Drones are a delicate political issue in Pakistan, where the Pakistani government has long denied (and still denies) that US drone strikes are carried out with its permission. As Marc Ambinder and Jeffrey Goldberg write, US relations with Pakistan have deteriorated even further since the raid on the Pakistani city of Abbotabad in which Osama bin Laden was killed, and Pakistani citizens have grown even angrier about the fact that the US can bomb their country any time it wants. US officials, on the other hand, see the strikes as one of their only options for dealing with militants striking in Afghanistan from across the border, some of whom retain support from the Pakistani Inter-Services Intelligence agency.
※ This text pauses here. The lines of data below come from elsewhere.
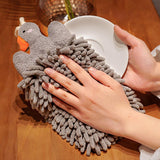 Maxbell Chenille Soft Hanging Hand Towels Cute Opp Texture Package for Home Kitchen Grey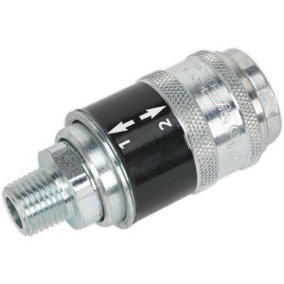 Safety Coupling - Male 1/4" BSPT - 2-Stage Release System - Self Venting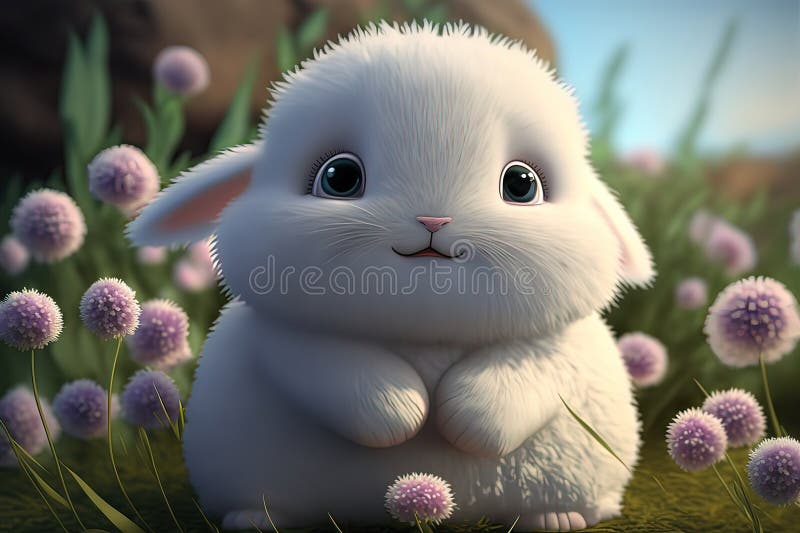 Portrait of a Rabbit on Chamomile Meadow. Bunny Sitting Outdoors in the Grass in Spring. Digital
There are basically two kinds of strikes the CIA carries out—strikes on specific targets and "signature strikes," which target groups of individuals the government suspects are militants. How does it know they're actually militants? It "tracks their movements and activities for hours or days before striking them." Which is to say, the CIA thinks it's getting the right people, but it doesn't always know for sure. And when asked, the government claims that the CIA almost never makes mistakes. White House Counterterrorism Adviser John Brennan said in June that there hadn't been "a single collateral death" from the drone program in almost a year.
Third-party evaluations of the drone program say otherwise. The Bureau of Investigative Journalism concluded in a report released in August that "at least 392 civilians" were among the estimated nearly 2,500 people killed in drone strikes since 2004. Then there's the first-hand experiences of Pakistanis who have lost family members as a result of drone strikes.
This isn't the first time the State Department has sought to rein in the vastly expanded use of drones against suspected terrorists since Obama took office. In September Charlie Savage reported that State Department Legal Adviser Harold Koh was embroiled in a dispute with Pentagon General Counsel Jeh Johnson over the standards for targeted killing in places like Somalia and Yemen, far away from the active zone of military combat in Afghanistan.
In its dispute with the CIA, though, State seems to have had a key ally in its argument that the drone program was harming the US' ability to convince Pakistan to help the US wind down the war in Afghanistan. According to the Wall Street Journal, the new head of the CIA, David Petraeus, "voiced caution against strikes on large groups of fighters."